◆ WORK ORDER: The expected result is an exact copy of the lines from the one holding "20 times 8 is" to the last line of the material, with pictures removed and nothing added.

◆ DATA EXCERPT:
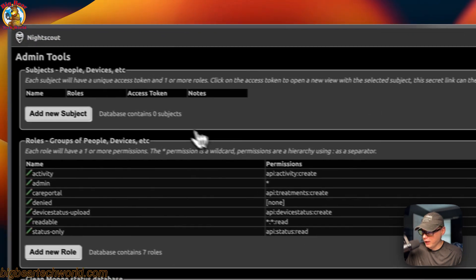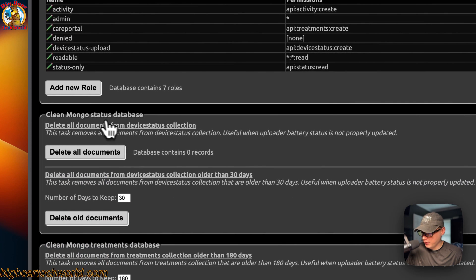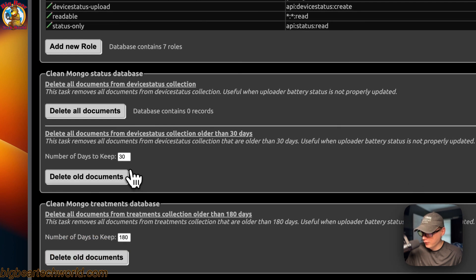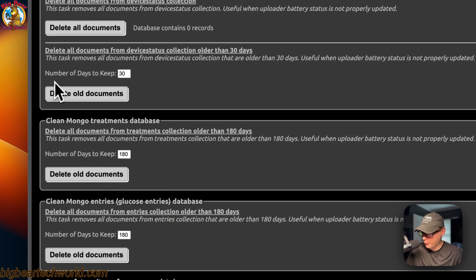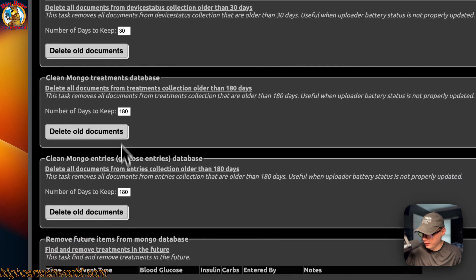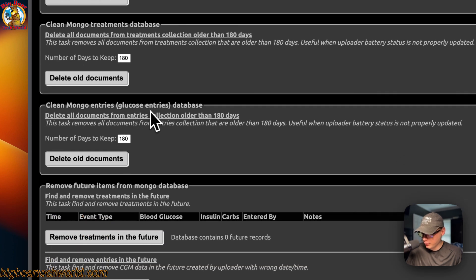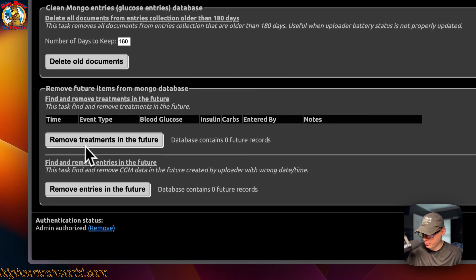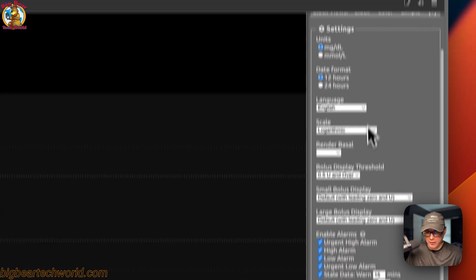In Admin Tools you can see subjects, people, devices, and add a new subject. Under Roles, you can clean the MongoDB database — delete all documents from the device status collection, delete all documents, set the number of days to keep (30 or 180), clean the Mongo treatments database, clean the Mongo glucose entries database, remove future items, remove future treatments, and remove future entries. You can also view clock view, color simple view, and settings.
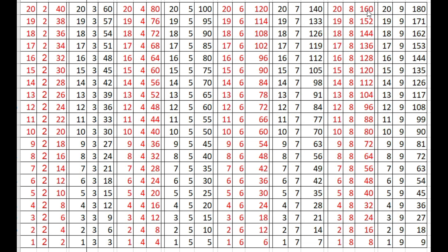20 times 8 is 160, 19 times 8 is 152, 18 times 8 is 144, 17 times 8 is 136, 16 times 8 is 128.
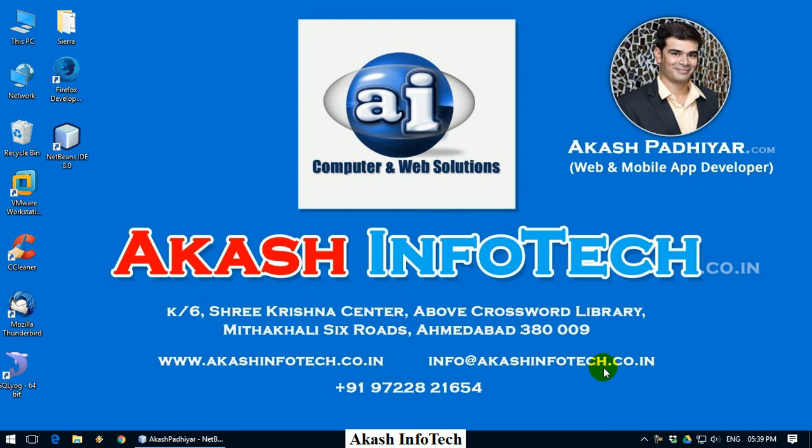Welcome to Akash Infotech Video Tutorials, my name is Akash Padhiyar. In this video, we will see how to fetch data from the database and how to display it on the PHP page.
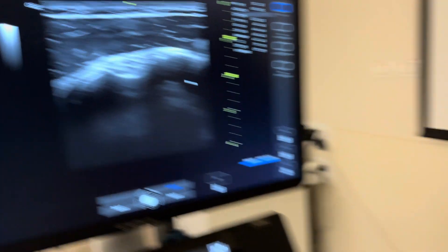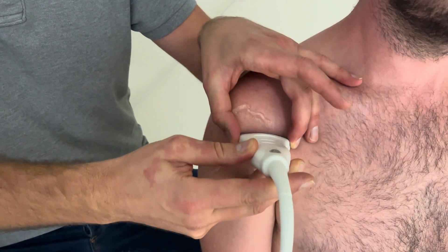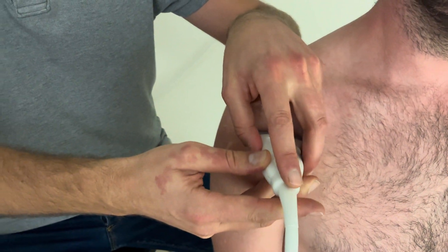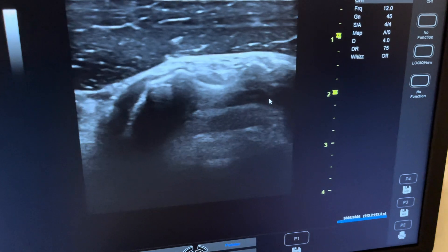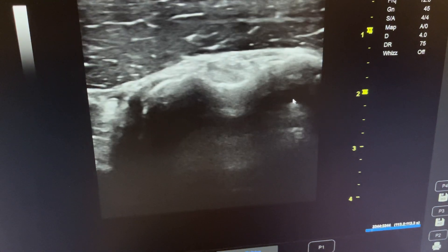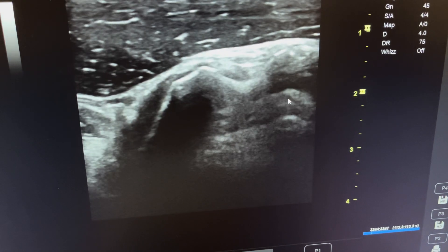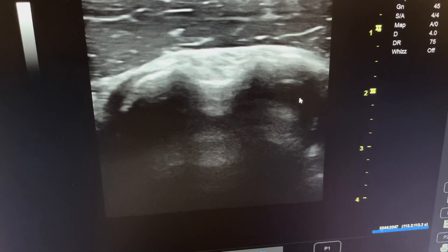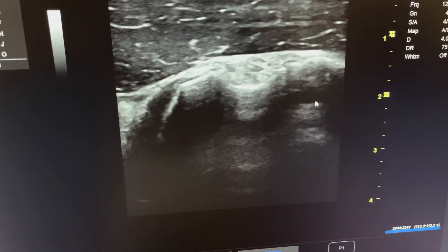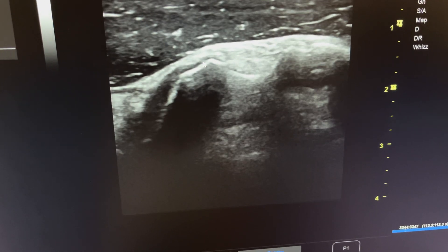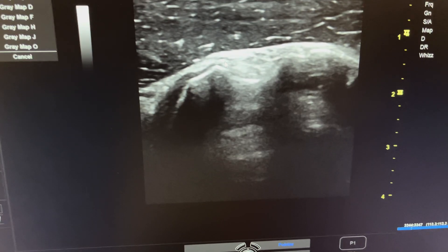If you watch my probe now, I'm going to make a tilting movement — angling it this way and that — to introduce anisotropy inside the tendon. Sometimes it's difficult to identify exactly what is the tendon, so I make this angle change and you can see the tendon becomes completely filled with anisotropy.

◆ EXPECTED ANSWER:
20 times 8 is 160, 19 times 8 is 152, 18 times 8 is 144, 17 times 8 is 136, 16 times 8 is 128.
Welcome to Akash Infotech Video Tutorials, my name is Akash Padhiyar. In this video, we will see how to fetch data from the database and how to display it on the PHP page.
If you watch my probe now, I'm going to make a tilting movement — angling it this way and that — to introduce anisotropy inside the tendon. Sometimes it's difficult to identify exactly what is the tendon, so I make this angle change and you can see the tendon becomes completely filled with anisotropy.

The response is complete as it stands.